Gobidik.com – Gorontalo – Penegakan hukum lalu lintas seharusnya menjadi wajah kedisiplinan negara dalam menjaga ketertiban di jalan raya.
Namun yang terjadi di tubuh “Satlantas Polresta Gorontalo Kota”.
justru memunculkan dugaan serius yang patut menjadi perhatian publik.
Beredar informasi bahwa terdapat anggota yang melakukan penindakan tilang terhadap pengendara, tetapi “tidak memiliki sertifikasi resmi sebagai petugas penindak tilang”.
Jika dugaan ini benar, maka ini bukan sekadar persoalan administratif. Ini adalah “persoalan serius yang menyangkut legitimasi penegakan hukum terhadap masyarakat”.
Tilang tidak bisa dilakukan secara sembarangan oleh siapa saja.
Dalam sistem kepolisian, ada prosedur dan syarat kompetensi yang jelas, termasuk “sertifikasi petugas penilang” yang menjadi bukti bahwa seorang anggota memiliki kewenangan dan pemahaman hukum dalam melakukan penindakan.
Ketika penilangan dilakukan oleh anggota yang tidak memiliki sertifikasi, maka publik berhak mempertanyakan “keabsahan tindakan tersebut”.
Lebih jauh lagi, kondisi ini bisa menciptakan persepsi buruk di masyarakat bahwa penegakan hukum hanya dijadikan alat untuk menekan rakyat kecil di jalan raya.
Aktivis Gorontalo, ‘Agung Bobihu’, menilai persoalan ini tidak boleh dianggap remeh oleh pimpinan kepolisian di daerah.
“Jika benar ada anggota Satlantas Polresta Gorontalo Kota yang melakukan penilangan tanpa sertifikasi, maka ini adalah bentuk kelalaian serius dalam pengawasan internal.
Penegakan hukum tidak boleh dijalankan oleh aparat yang tidak memiliki kompetensi dan legitimasi yang jelas,” tegas Agung.
Menurutnya, situasi ini berpotensi mencederai kepercayaan masyarakat terhadap institusi kepolisian.
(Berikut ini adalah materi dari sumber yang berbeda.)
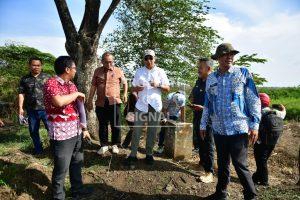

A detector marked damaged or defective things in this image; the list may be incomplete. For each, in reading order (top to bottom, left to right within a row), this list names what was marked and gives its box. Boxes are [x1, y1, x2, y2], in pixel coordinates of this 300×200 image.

broken concrete post [164, 119, 192, 160]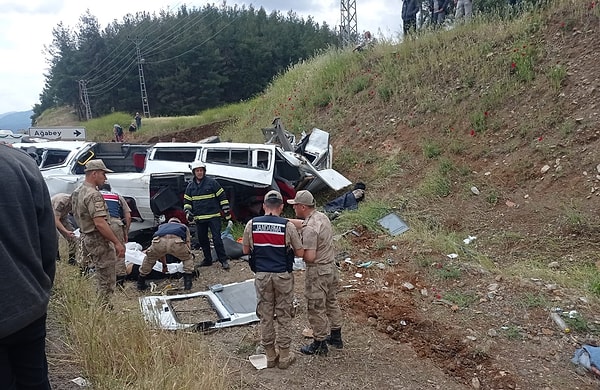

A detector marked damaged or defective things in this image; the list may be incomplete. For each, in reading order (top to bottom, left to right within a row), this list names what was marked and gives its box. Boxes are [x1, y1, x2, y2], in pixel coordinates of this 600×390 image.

crashed vehicle [19, 120, 352, 238]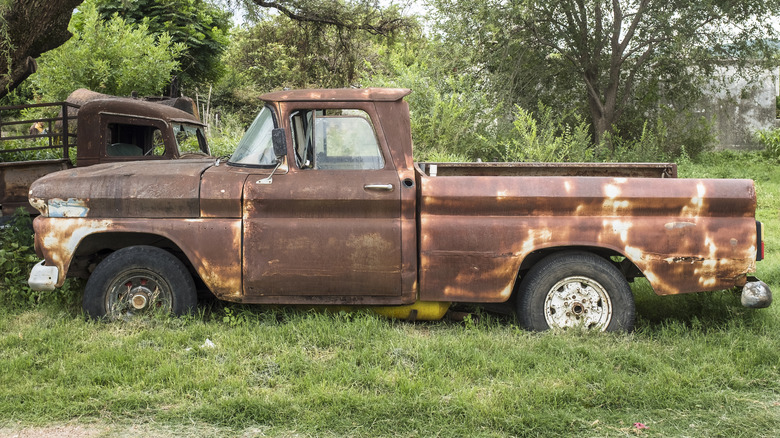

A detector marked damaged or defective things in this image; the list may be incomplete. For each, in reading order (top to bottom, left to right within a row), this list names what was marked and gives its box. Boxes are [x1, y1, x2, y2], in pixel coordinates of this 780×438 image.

Sebab, masyarakat setiap hari dihadapkan dengan razia dan penindakan di jalan raya, sementara di sisi lain “legalitas petugas yang melakukan penindakan justru dipertanyakan”.
Agung juga menegaskan bahwa “Kapolresta Gorontalo Kota dan Kasat Lantas tidak boleh menutup mata terhadap persoalan ini”.
Jika dugaan tersebut benar, maka harus ada langkah tegas untuk mengevaluasi seluruh anggota yang bertugas melakukan penilangan di lapangan.
“Jangan sampai hukum ditegakkan oleh aparat yang tidak memenuhi syarat”. Kalau ini dibiarkan, maka publik bisa mempertanyakan keabsahan seluruh tilang yang dilakukan selama ini.
Ini bisa menjadi preseden buruk bagi penegakan hukum,” lanjutnya.
Lebih jauh, Agung menegaskan bahwa jika persoalan ini tidak segera dijelaskan secara terbuka kepada masyarakat, maka pihaknya “tidak akan segan membawa persoalan ini ke Propam Polda Gorontalo bahkan hingga Mabes Polri” untuk dilakukan pemeriksaan secara menyeluruh.
“Kami tidak ingin hukum dijalankan secara semena-mena.
Jika ada pelanggaran prosedur di internal kepolisian, maka itu harus dibuka dan diperiksa secara transparan. Jika tidak ada klarifikasi yang jelas, maka kami siap melaporkan persoalan ini ke Propam agar dilakukan penyelidikan,” tegas Agung Bobihu.
Penegakan hukum yang baik tidak hanya menuntut kepatuhan masyarakat, tetapi juga “menuntut profesionalitas aparat yang menjalankannya”.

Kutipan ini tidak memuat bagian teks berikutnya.